Entries shown:
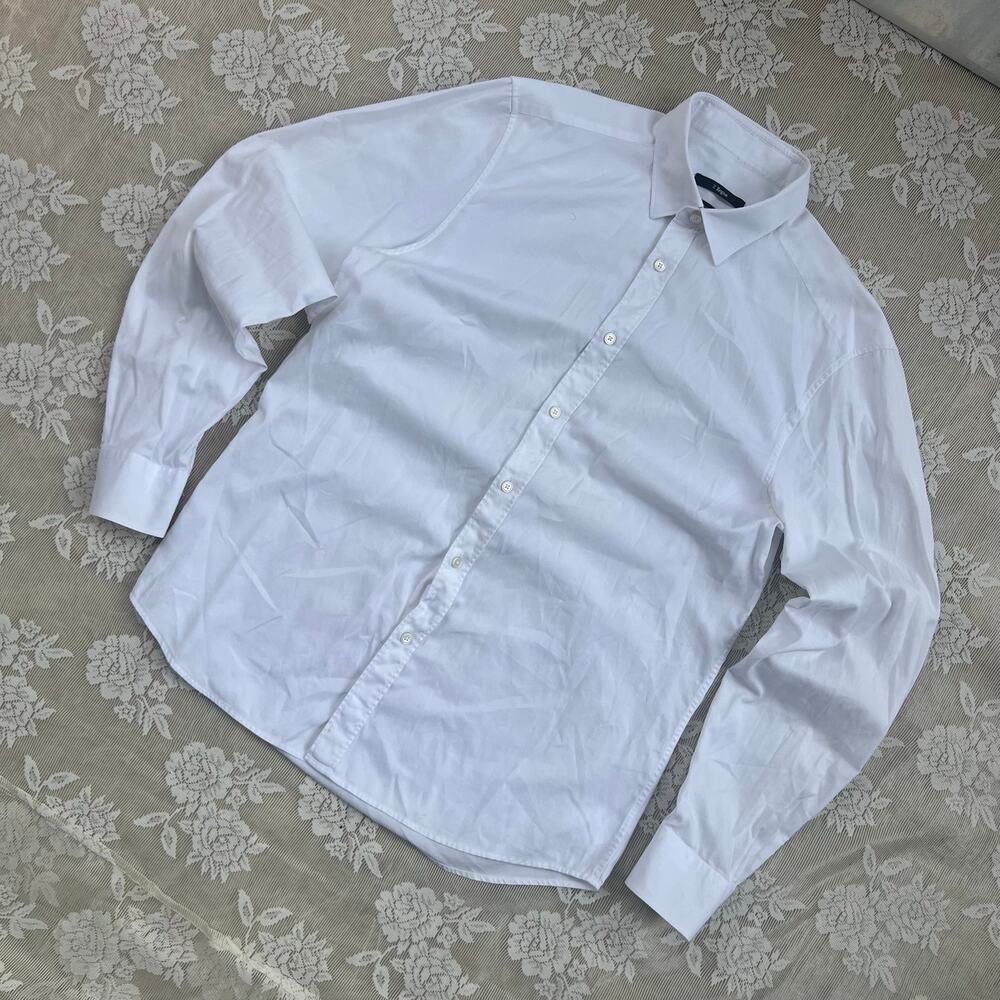 Z Zegna White Oxford Button Up Shirt – Fits Like a Men’s Large (Tagged 41 / 16)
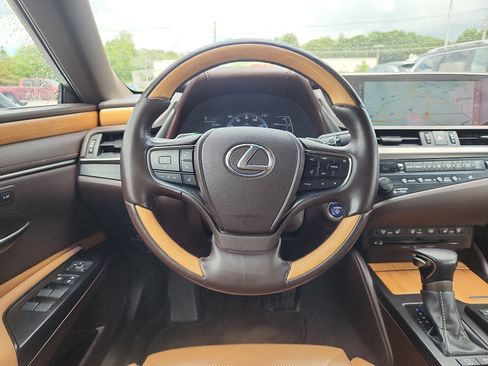 Used 2019 Lexus ES 300h FWD image 10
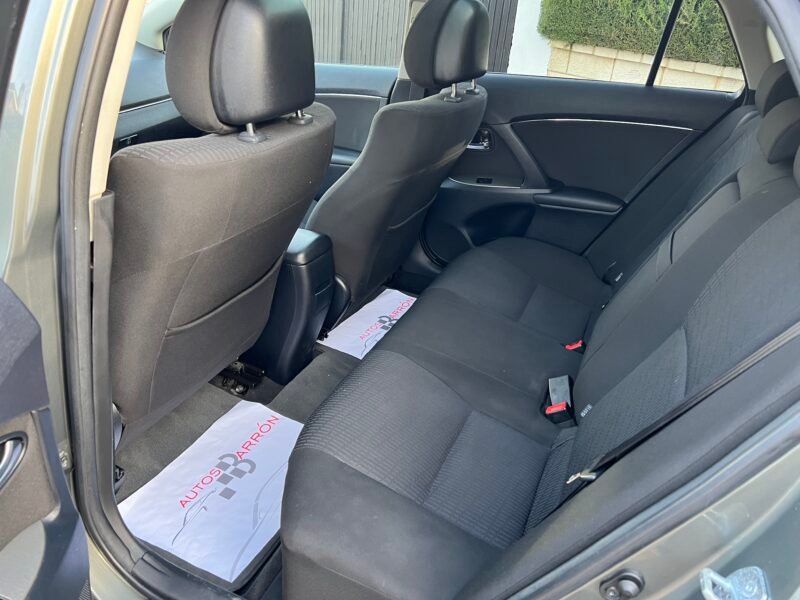 TOYOTA AVENSIS 2.2 d4d 150 cv CROSS SPORT Cross SPORT Advancw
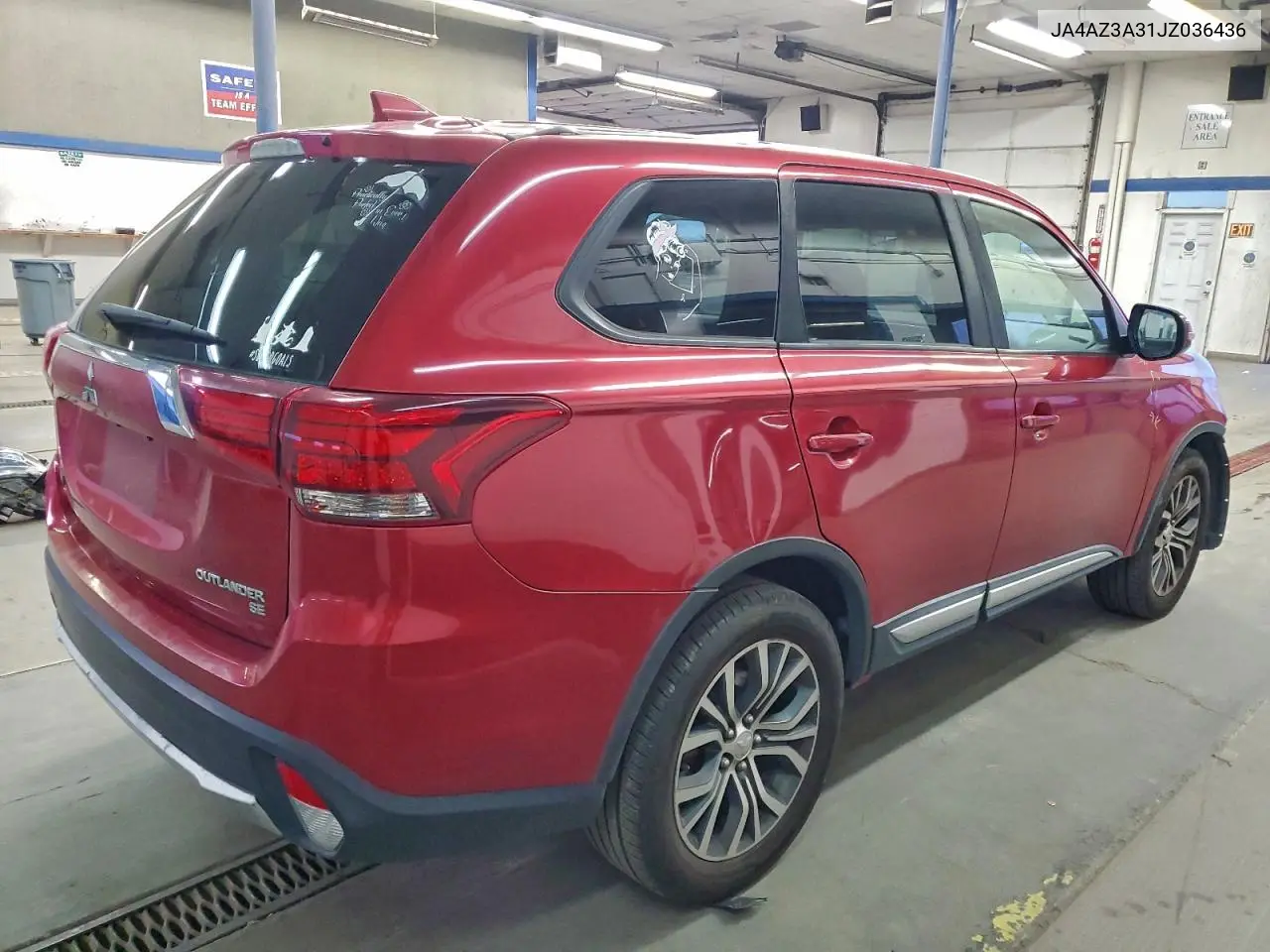 JA4AZ3A31JZ036436 2018 Mitsubishi Outlander Se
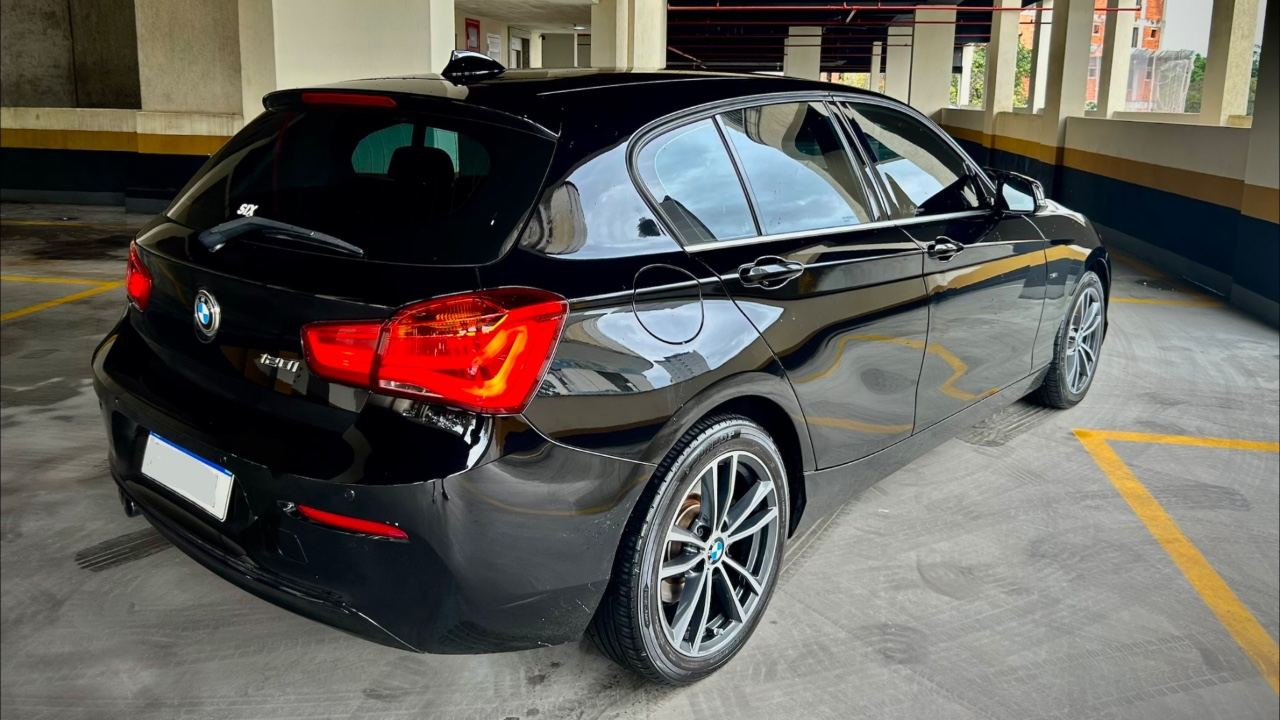 BMW 120i SportGP 2016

Task instructions: Transcribe exactly the lines from the one with "JA4AZ3A31JZ036436 2018 Mitsubishi" to the last line of the records, both included, so that no picture appears in the copy.

Exercise output:
 JA4AZ3A31JZ036436 2018 Mitsubishi Outlander Se
 BMW 120i SportGP 2016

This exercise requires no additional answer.